А вот еще несколько примеров того, как ко мне относились дети и взрослые и как я понимала их отношение ко мне, как реагировала на это отношение.
Помню, что в детстве я довольно часто бывала с матерью в одной, как я могу теперь определить, припоминая события, очень культурной семье, где мне многое нравилось: нравились люди, нравились комнаты, в которых ощущался какой-то особенно приятный запах, нравились большие клумбы во дворе дома с разнообразными цветами. В этой семье были взрослые люди и подростки, а маленьких детей не было.

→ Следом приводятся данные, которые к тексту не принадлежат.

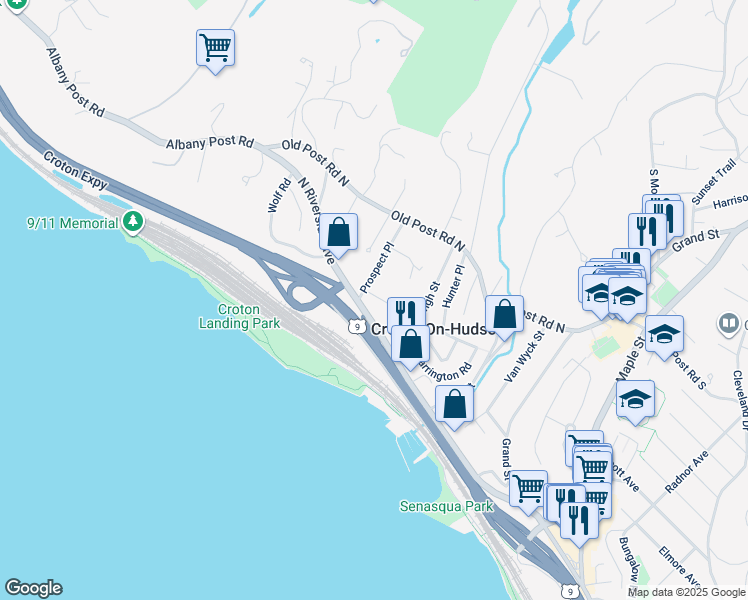 map of restaurants, bars, coffee shops, grocery stores, and more near 6 Hillside Avenue in Croton-on-Hudson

Никто со мной не играл в этой семье, но взрослые люди относились ко мне ласково, а подростки отдавали мне свои игрушки, в которых они уже не нуждались. Мне не запрещали осматривать обстановку в комнатах (я тогда впервые «увидела» странный предмет, который издавал звуки, если я ударяла пальцем по непонятным продолговатым «дощечкам», это было пианино), различную посуду в кухне и проч. Но если мать хотела оставить меня ночевать у этих знакомых без нее, я никогда не соглашалась, несмотря на то что, как я могу теперь судить, бытовые условия у этих знакомых были несравненно лучше тех, в которых я жила с матерью. Но мне тогда казалось, что нигде не может быть хорошо, ни со мной не будет матери. И так как в этой семье подростки были рослыми девочками и мальчиками, то я их принимала за взрослых людей, держала себя с ними серьезно, тихо, не пытаясь шалить или играть в их присутствии. Если же кто-нибудь из них приходил к нам, я также переставала шумно двигаться и стеснялась показывать им свой игрушки. Я сидела где-нибудь в стороне до тех пор, пока мать не показывала мне, что в комнате уже никого нет. Да и вообще я куда-нибудь пряталась, если узнавала, что к нам пришли «большие люди», которых я почему-либо стеснялась или даже боялась.
Впрочем, и среди детей встречались такие, с которыми я никогда не играла и которые тоже не пытались присоединить меня к своему обществу. Возможно, такое поведение детей объяснялось тем, что они не умели со мной общаться. Должно быть, они боялись того, что я была не такая, как они, а я в свою очередь по-своему понимала отчужденность этих детей и тоже боялась их.
Такую же отчужденность я чувствовала и со стороны некоторых взрослых, которые, приходя к матери, не подходили ко мне, как будто бы не замечая, что я в комнате. Зачем приходили к нам эти люди? О чем говорили с матерью? Я этого не знала, но смутно догадывалась, что эти посетители тоже считают меня не такой, как они сами, поэтому не хотят подходить ко мне. Вполне возможно, что это было не так, как мне казалось, и что эти люди в действительности относились ко мне доброжелательно, но ведь в то время я этого не понимала и думала, что люди, которые ничем не проявляют своего доброго отношения ко мне, — это плохие люди. И к таким людям я тоже относилась неприветливо.